# Fine-tune Qwe2.5-1.5B with Alpaca Dataset

This example demonstrates how to fine-tune Qwen2.5-1.5B model with the Alpaca Dataset using TorchTune `BuiltinTrainer` from Kubeflow Trainer SDK.

This notebooks walks you through the prerequisites of using TorchTune `BuiltinTrainer` from Kubeflow Trainer SDK, and how to submit TrainJob to bootstrap the fine-tuning workflow.

Qwen2.5-1.5B: https://huggingface.co/Qwen/Qwen2.5-1.5B-Instruct

Alpaca Dataset: https://huggingface.co/datasets/tatsu-lab/alpaca

## Install the Kubeflow SDK

You need to install the Kubeflow SDK to interact with Kubeflow Trainer APIs:

In [None]:
!pip install kubeflow

## Prerequisites

### Install Official Training Runtimes

You need to make sure that you've installed the Kubeflow Trainer Controller Manager and Kubeflow Training Runtimes mentioned in the [installation guide](https://www.kubeflow.org/docs/components/trainer/operator-guides/installation/).

In [None]:
# List all available Kubeflow Training Runtimes.
from kubeflow.trainer import *
from kubeflow_trainer_api import models

client = TrainerClient()
for runtime in client.list_runtimes():
    print(runtime)

### Create PVCs for Models and Datasets

Currently, we do not support automatically orchestrate the volume claim in (Cluster)TrainingRuntime.

So, we need to manually create PVCs for each models we want to fine-tune. Please note that **the PVC name must be equal to the ClusterTrainingRuntime name**. In this example, it's `torchtune-qwen2.5-1.5b`.

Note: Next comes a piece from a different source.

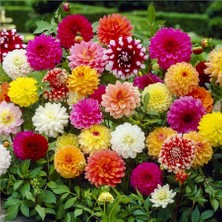 Vipfoni 3 Adet Yıldız Çiçeği Soğanı ( Dahlıa Yumrusu) Kavuniçi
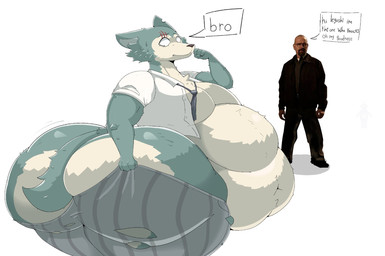 anthro belly belly_overhang belly_rolls big_belly big_butt big_moobs bottomwear butt clothed clothing duo fat_rolls huge_belly huge_butt huge_moobs humor hyper hyper_butt ill-fitting_clothing male moobs obese obese_male overweight overweight_male pants simple_background tail text thick_thighs torn_bottomwear torn_clothing torn_pants wardrobe_malfunction wide_hips guooo123456 beastars breaking_bad legoshi_(beastars) walter_white canid canine canis human mammal wolf digital_media_(artwork) english_text hi_res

REF: https://github.com/kubeflow/trainer/issues/2630

In [None]:
# Create a PersistentVolumeClaim for the TorchTune Qwen 2.5 1.5B model.
client.backend.core_api.create_namespaced_persistent_volume_claim(
    namespace="default",
    body=models.IoK8sApiCoreV1PersistentVolumeClaim(
        apiVersion="v1",
        kind="PersistentVolumeClaim",
        metadata=models.IoK8sApimachineryPkgApisMetaV1ObjectMeta(
            name="torchtune-qwen2.5-1.5b"
        ),
        spec=models.IoK8sApiCoreV1PersistentVolumeClaimSpec(
            accessModes=["ReadWriteOnce"],
            resources=models.IoK8sApiCoreV1VolumeResourceRequirements(
                requests={
                    "storage": models.IoK8sApimachineryPkgApiResourceQuantity("200Gi")
                }
            ),
        ),
    ).to_dict(),
)

## Bootstrap LLM Fine-tuning Workflow

Kubeflow TrainJob will train the model in the referenced (Cluster)TrainingRuntime.

In [None]:
job_name = client.train(
    runtime=client.get_runtime(name="torchtune-qwen2.5-1.5b"),
    initializer=Initializer(
        dataset=HuggingFaceDatasetInitializer(
            storage_uri="hf://tatsu-lab/alpaca/data"
        ),
        model=HuggingFaceModelInitializer(
            storage_uri="hf://Qwen/Qwen2.5-1.5B-Instruct",
        )
    ),
    trainer=BuiltinTrainer(
        config=TorchTuneConfig(
            dataset_preprocess_config=TorchTuneInstructDataset(
                source=DataFormat.PARQUET, split="train[:1000]"
            ),
            resources_per_node={
                "memory": "128G",
                "gpu": 1,
            },
            
        )
    )
)

## Wait for running status

In [None]:

# Wait for the running status.
client.wait_for_job_status(name=job_name, status={"Running"})


## Watch the TrainJob Logs

We can use the `get_job_logs()` API to get the TrainJob logs.

### Dataset Initializer

In [None]:
from kubeflow.trainer.constants import constants

for line in client.get_job_logs(job_name, follow=True, step=constants.DATASET_INITIALIZER):
    print(line)

### Model Initializer

In [None]:
for line in client.get_job_logs(job_name, follow=True, step=constants.MODEL_INITIALIZER):
    print(line)

### Trainer Node 

In [None]:
for c in client.get_job(name=job_name).steps:
    print(f"Step: {c.name}, Status: {c.status}, Devices: {c.device} x {c.device_count}\n")

for line in client.get_job_logs(job_name, follow=True):
    print(line)

# Get the Fine-tuned Model

After Trainer node completes the fine-tuning task, the fine-tuned model will be stored into the `/workspace/output` directory, which can be shared across Pods through PVC mounting. You can find it in another Pod's `/<mountDir>/output` directory if you mount the PVC under `/<mountDir>`.